Even though orders and backlogs at Hooker Furniture Corp. are elevated, “we’re cautiously optimistic, considering the industry-wide supply chain logistics and raw materials shortages and inflation,” Chief Executive Officer Jeremy Hoff said on the company’s June 4 earnings call. “We believe we have mitigated these dynamics as much as possible through surcharges and price increases.”

Fed Chair Jerome Powell has said upward pressure on prices is likely to be temporary, noting in late April that “in an episode of one-time price increases as the economy reopens is not the same thing as, and is not likely to lead to, persistently higher year-over-year inflation into the future.”

Others disagree, citing trillions of dollars in fiscal support, the likely persistence of product shortages and rising labor costs. Bond market expectations for the pace of inflation over the next five years have been easing from a 15-year high last month but remain elevated.

“The frothiness in CPI continues for now but between base effects and pent-up demand pressures, it is probably not giving a definite answer to the great inflation debate, and you need to read the bond market tea leaves,” said Anu Gaggar, senior global investment analyst at Commonwealth Financial Network.

While wage growth has blown past economists’ estimates in the last two monthly jobs reports, the rise in consumer prices has taken a sizable toll. Inflation-adjusted average hourly earnings declined 0.2% in May after a 0.1% drop, separate data showed Thursday.
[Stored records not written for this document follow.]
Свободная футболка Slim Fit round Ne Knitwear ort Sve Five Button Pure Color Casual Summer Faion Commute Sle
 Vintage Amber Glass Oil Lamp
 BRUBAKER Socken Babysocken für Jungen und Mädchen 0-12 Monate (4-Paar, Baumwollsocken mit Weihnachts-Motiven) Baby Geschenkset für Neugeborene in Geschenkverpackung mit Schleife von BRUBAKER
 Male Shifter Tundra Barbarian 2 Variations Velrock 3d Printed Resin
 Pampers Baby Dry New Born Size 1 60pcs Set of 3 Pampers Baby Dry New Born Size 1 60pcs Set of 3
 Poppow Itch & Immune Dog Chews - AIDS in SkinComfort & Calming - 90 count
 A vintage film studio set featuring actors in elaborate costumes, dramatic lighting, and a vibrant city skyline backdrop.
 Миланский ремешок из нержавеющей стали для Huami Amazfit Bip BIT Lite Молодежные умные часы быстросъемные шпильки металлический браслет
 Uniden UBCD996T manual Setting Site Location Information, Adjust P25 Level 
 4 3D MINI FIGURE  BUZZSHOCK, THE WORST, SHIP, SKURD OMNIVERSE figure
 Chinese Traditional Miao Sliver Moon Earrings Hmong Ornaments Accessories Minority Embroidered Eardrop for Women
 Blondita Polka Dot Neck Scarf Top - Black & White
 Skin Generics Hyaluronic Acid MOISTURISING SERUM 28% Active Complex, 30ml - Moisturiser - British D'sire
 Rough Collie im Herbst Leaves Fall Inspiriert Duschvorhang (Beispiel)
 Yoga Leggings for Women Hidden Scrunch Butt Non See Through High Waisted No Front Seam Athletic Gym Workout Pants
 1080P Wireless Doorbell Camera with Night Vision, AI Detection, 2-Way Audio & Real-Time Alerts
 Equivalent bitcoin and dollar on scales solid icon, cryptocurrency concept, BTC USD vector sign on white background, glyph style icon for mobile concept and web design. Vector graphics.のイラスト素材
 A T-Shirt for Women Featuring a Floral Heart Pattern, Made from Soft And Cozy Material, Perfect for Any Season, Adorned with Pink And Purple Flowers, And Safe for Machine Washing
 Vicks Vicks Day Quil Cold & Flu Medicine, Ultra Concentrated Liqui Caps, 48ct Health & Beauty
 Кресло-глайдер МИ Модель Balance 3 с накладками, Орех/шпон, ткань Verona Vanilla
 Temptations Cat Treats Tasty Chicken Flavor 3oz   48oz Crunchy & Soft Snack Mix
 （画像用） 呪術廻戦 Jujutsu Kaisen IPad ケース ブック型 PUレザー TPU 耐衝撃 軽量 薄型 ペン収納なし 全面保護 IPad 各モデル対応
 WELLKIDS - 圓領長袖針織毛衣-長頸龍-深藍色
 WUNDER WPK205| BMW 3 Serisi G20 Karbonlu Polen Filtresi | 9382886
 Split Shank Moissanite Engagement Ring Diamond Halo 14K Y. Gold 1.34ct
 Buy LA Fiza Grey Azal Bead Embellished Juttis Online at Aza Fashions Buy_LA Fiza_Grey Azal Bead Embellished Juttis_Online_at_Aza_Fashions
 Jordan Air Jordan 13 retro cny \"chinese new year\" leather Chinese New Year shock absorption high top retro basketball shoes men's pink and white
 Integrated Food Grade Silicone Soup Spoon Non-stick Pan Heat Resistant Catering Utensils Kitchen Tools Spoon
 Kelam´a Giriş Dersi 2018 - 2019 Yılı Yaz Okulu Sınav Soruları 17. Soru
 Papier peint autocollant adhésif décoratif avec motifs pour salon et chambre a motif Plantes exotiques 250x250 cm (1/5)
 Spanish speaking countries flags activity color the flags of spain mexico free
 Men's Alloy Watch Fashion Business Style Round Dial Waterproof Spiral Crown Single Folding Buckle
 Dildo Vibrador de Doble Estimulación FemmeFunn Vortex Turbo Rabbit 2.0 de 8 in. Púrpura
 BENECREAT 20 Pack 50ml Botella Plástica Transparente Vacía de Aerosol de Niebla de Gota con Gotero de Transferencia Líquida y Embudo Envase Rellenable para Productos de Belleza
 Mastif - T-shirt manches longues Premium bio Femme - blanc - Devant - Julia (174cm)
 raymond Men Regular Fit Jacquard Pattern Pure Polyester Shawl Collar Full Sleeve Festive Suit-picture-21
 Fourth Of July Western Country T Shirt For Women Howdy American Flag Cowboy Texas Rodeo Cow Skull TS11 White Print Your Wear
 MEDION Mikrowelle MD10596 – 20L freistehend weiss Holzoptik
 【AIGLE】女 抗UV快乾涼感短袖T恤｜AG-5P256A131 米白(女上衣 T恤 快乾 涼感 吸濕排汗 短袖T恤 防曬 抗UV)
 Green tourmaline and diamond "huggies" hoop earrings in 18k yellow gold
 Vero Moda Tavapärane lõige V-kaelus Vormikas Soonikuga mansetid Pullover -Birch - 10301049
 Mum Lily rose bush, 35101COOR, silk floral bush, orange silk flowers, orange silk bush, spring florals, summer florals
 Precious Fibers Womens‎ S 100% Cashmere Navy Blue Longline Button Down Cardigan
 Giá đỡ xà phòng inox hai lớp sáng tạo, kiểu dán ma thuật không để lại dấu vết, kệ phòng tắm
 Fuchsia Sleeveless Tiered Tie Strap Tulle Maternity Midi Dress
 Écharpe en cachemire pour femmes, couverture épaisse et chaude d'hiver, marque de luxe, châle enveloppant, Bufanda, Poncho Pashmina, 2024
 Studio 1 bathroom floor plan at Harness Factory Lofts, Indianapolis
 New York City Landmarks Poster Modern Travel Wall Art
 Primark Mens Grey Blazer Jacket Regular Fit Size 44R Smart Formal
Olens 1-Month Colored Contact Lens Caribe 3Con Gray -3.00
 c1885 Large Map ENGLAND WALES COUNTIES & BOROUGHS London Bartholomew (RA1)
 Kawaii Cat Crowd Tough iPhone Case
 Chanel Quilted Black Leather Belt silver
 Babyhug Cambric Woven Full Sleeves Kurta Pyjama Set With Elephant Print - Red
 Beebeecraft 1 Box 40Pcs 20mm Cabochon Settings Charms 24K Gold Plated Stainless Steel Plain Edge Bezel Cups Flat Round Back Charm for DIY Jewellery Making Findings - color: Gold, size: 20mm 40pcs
The retreat in real earnings, if it persists, could prompt workers to ask for a bump in pay.

Shelter costs, which make up a third of the overall CPI, rose 0.3% after rising 0.4%. The increase included a 0.4% gain in hotel costs and a 0.3% increase in owners equivalent rent.

Owners' equivalent rent rose in May by most since June 2019

“While transitory factors did a lot of the heavy lifting driving the May upside, the more persistent components like rents and OER firmed up as well much more than expected, pointing to a firmer source of foundation for the inflation data as the transitory factors begin to fall out of the figures,” economists at Morgan Stanley said in a note.